# becoming a breeder names



## ashhur (Jan 19, 2016)

I am very young and wont be becoming a breeder anytime soon. I want to do this to better the breed and because i admire their faithfulness and intelligence. I will be doing working lines mainly and i want to think of a name ahead of time and because i think its fun. Nothing German just nice and simple if it helps my name is Ashley and live in California. I was considering Ashleys Faithful Shepherds. What do u guys think?? ??


----------



## yuriy (Dec 23, 2012)

Well, it has been like a week since the last one of these. About time, I guess.


----------



## ashhur (Jan 19, 2016)

Yea your right i have checked out older ones but nothing to my liking so i guess i got ro make my own lol?


----------



## ashhur (Jan 19, 2016)

Woops question mark an typeo


----------



## eddie1976E (Nov 7, 2010)

yuriy said:


> Well, it has been like a week since the last one of these. About time, I guess.

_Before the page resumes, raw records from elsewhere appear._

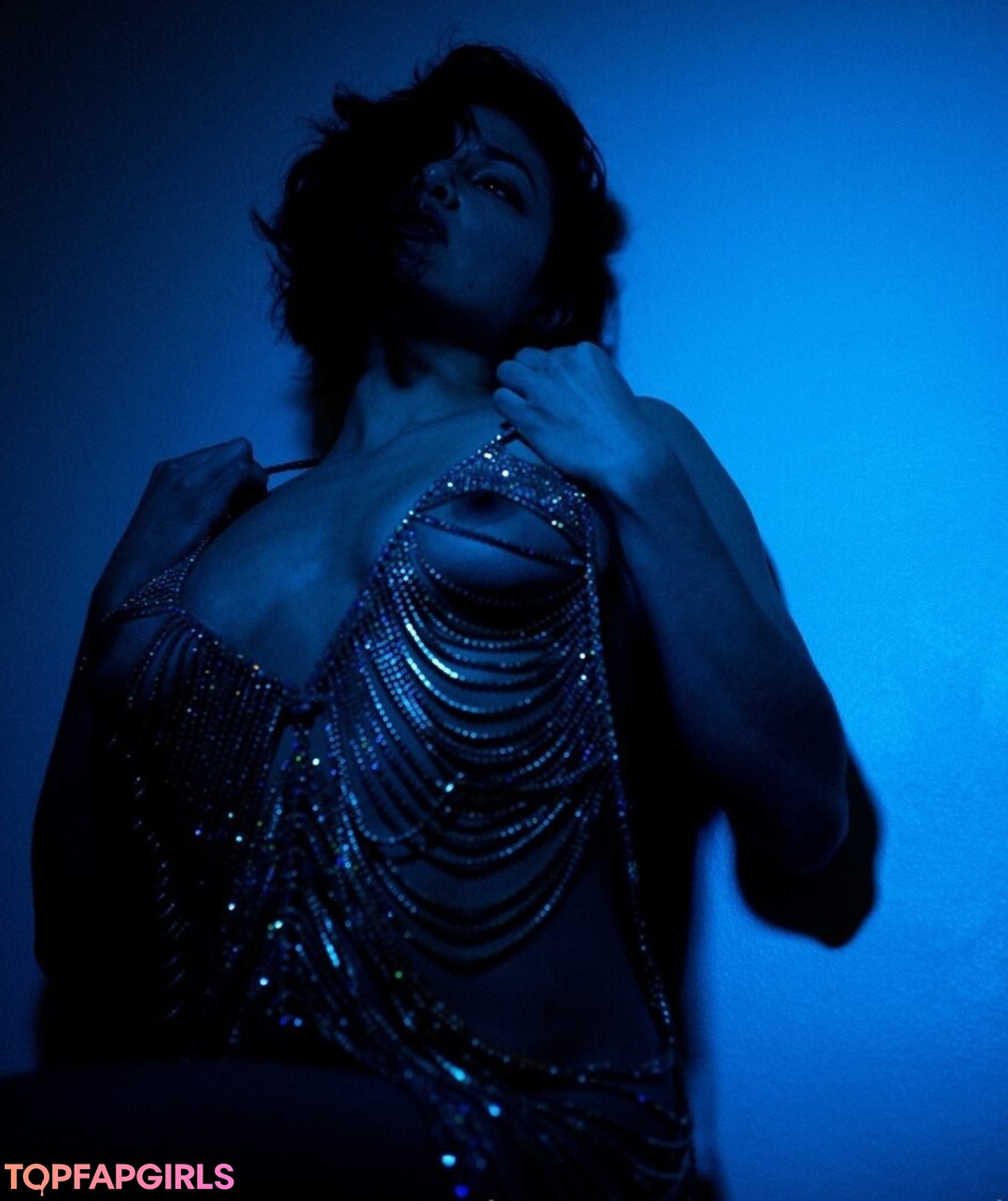 Обнаженная фотография утечки OnlyFans от Mar Marmad #10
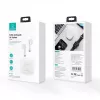 Bluetooth-koptelefoon Usams TW S 5.0 IA Series wit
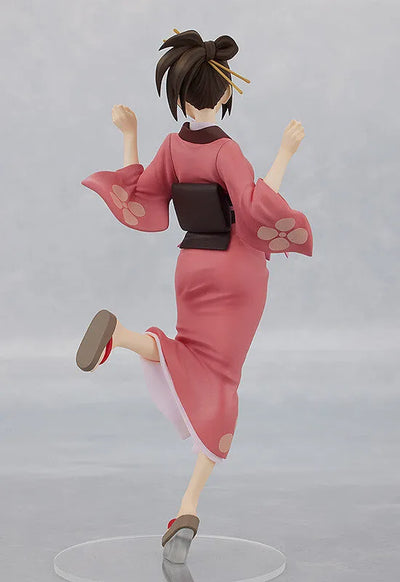 Samurai Champloo - Fuu - Pop Up Parade - L (Good Smile Company)ㅤ – Good Smile Company – ActionFigureBrasil — ambientada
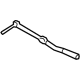 Mercedes-Benz 463-835-00-83 Stay Mercedes-Benz 463-835-00-83 Stay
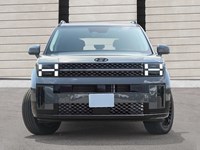2026 Hyundai Santa Fe HEV Ultimate Calligraphy AWD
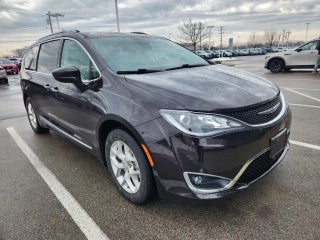2019 Chrysler Pacifica Touring L FWD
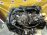 Двигатель Subaru EJ255-E332891 ТУРБИНА С ПЕРЕДИ БЕЗ КОНДЕРА Outback BM9 '2011-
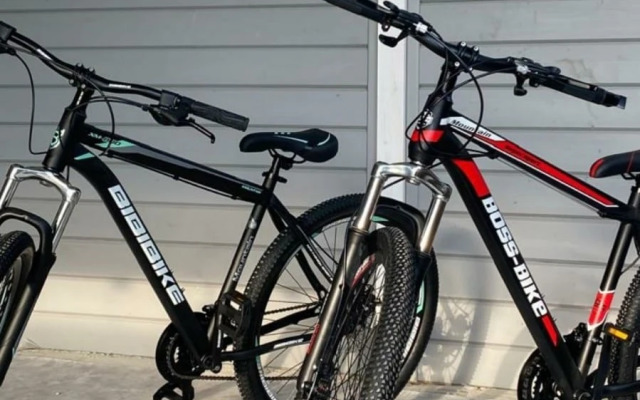 Частный дом  В Зольное Вилладж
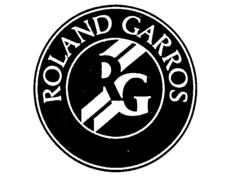 ROLAND GARROS RG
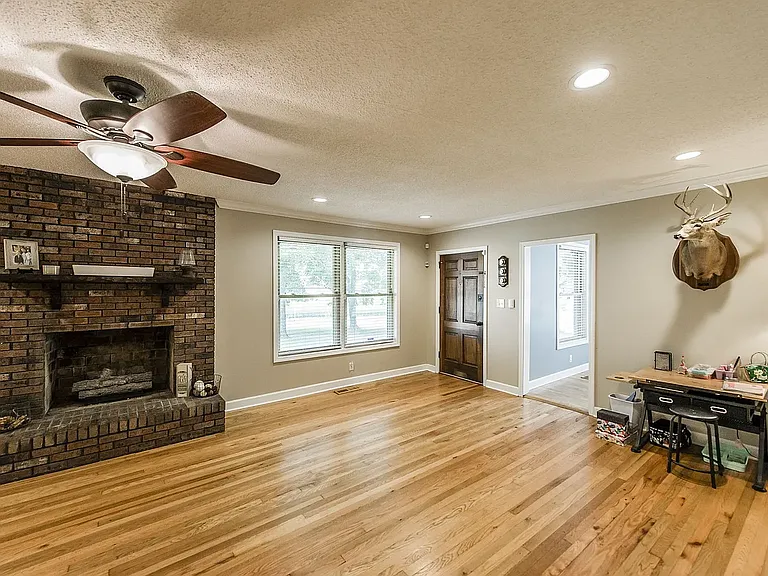 4131 Corbin Sneed Rd — Photo 4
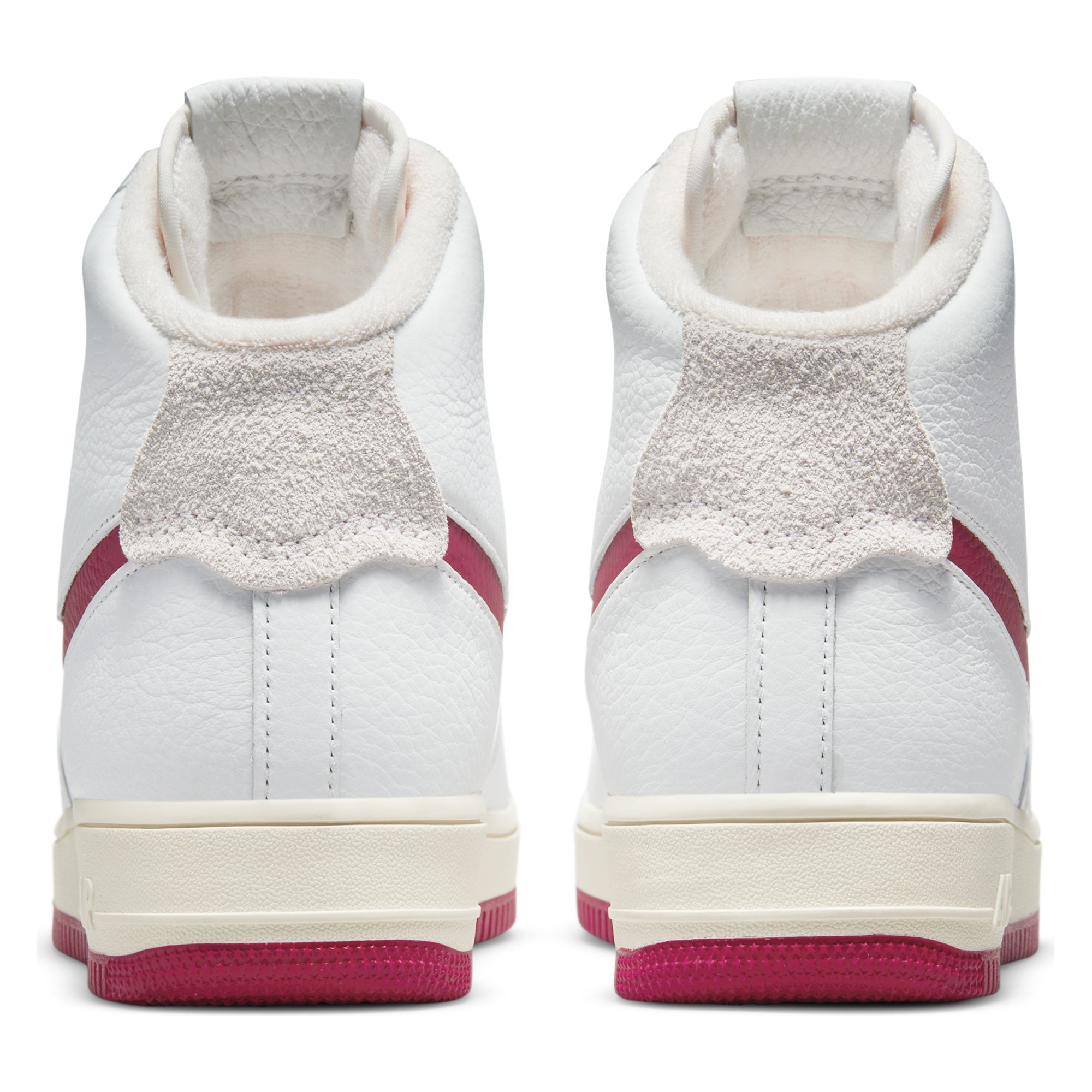 Nike Air Force 1 Sculpt High Kadın Spor Ayakkabı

Everyone wants to improve the breed....here is a quote from a breeder site which I really respect. 

"The ideal here is to keep the breed as the breed founder, Capt. Max Von Stephanitz created it; no extremes in conformation, a sound mind in a sound body."

German Shepherd Dogs for Family/Personal Protection, Police, Schutzhund/Competition

By the way, I like the name you have picked out. But if you don't back it up with some substance, the name is meaningless.


----------



## ashhur (Jan 19, 2016)

Alrights and thanks


----------



## onyx'girl (May 18, 2007)

I like your user name here....as in assure....you could implement that into a kennel name. So much to learn about becoming a good breeder. Do you have a mentor?


----------



## ashhur (Jan 19, 2016)

Oh i understand i think so you want it kinda like a pedigree database name or akc right? Like von or vom something? There is alot i need to know but i have been researching as im young and i wont be breeding my dog for 2 years for how young she is


----------



## gsdsar (May 21, 2002)

ashhur said:


> Oh i understand i think so you want it kinda like a pedigree database name or akc right? Like von or vom something? There is alot i need to know but i have been researching as im young and i wont be breeding my dog for 2 years for how young she is



What do you plan to do with your puppy in the upcoming 2 years to prove that she is breed worthy? That should be your first step. Not breeding, but understanding the breed and what the good and bad of the breed are. So you can make educated choices. 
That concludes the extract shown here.